=== MATERIAL PROVIDED ===

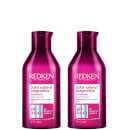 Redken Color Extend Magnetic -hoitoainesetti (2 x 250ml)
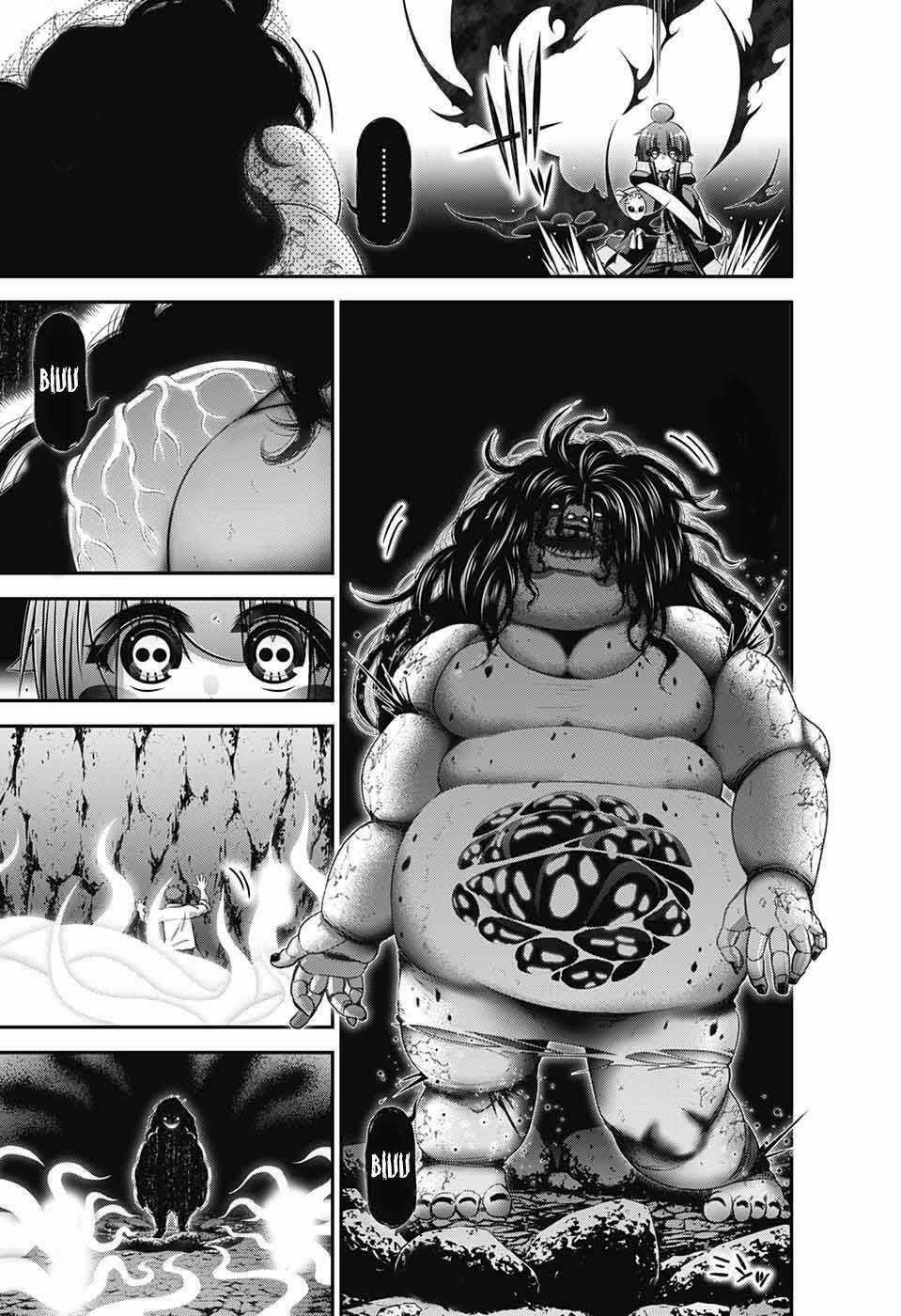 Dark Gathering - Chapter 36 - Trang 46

* * *

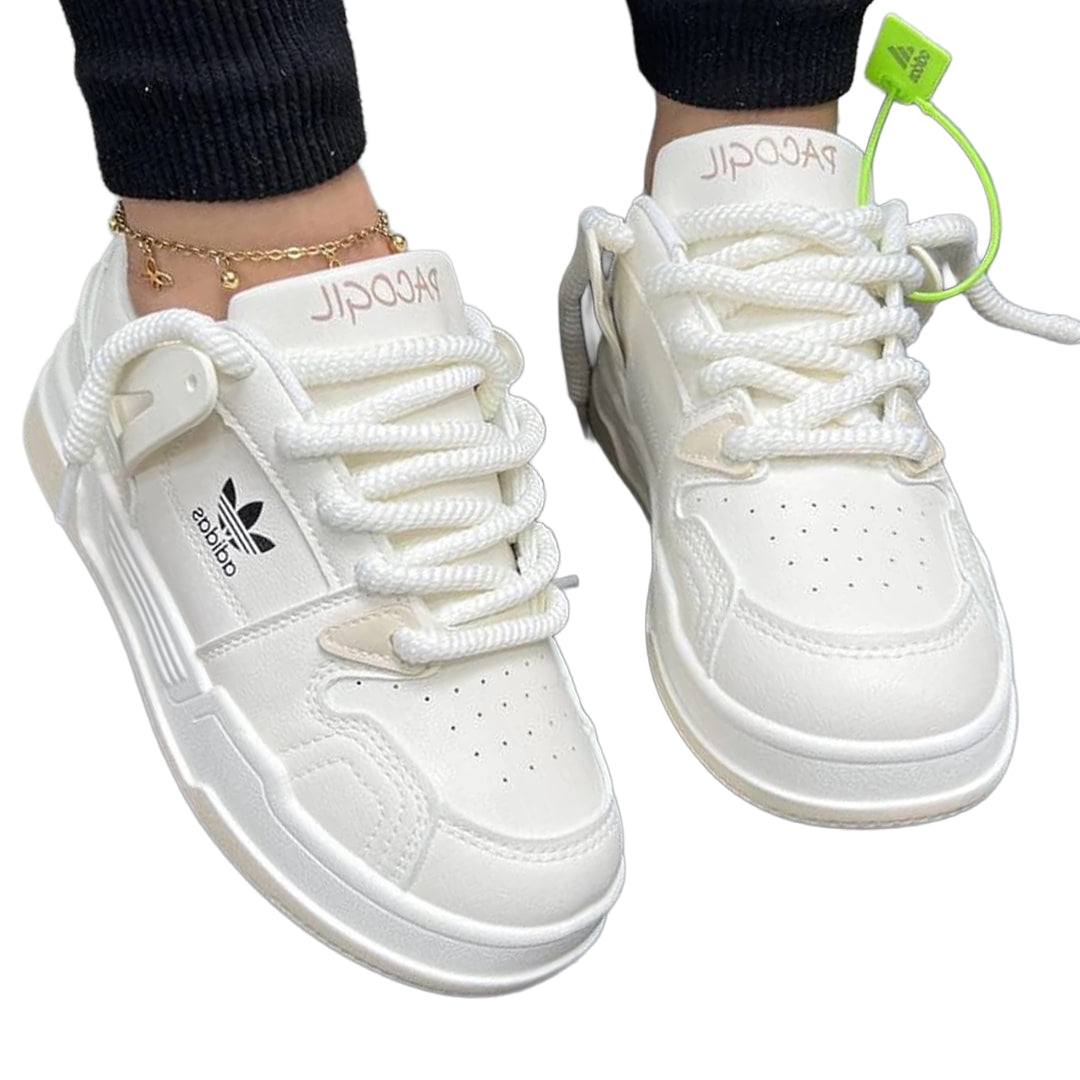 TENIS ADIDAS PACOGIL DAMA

=== DESCRIPTION OF THE TASK ===
Return only the stretch above from the line containing "Redken Color Extend" through the line containing "Dark Gathering - Chapter 36 - Trang 46", word for word and without pictures.

=== OUTPUT FOR THIS TASK ===
 Redken Color Extend Magnetic -hoitoainesetti (2 x 250ml)
 Dark Gathering - Chapter 36 - Trang 46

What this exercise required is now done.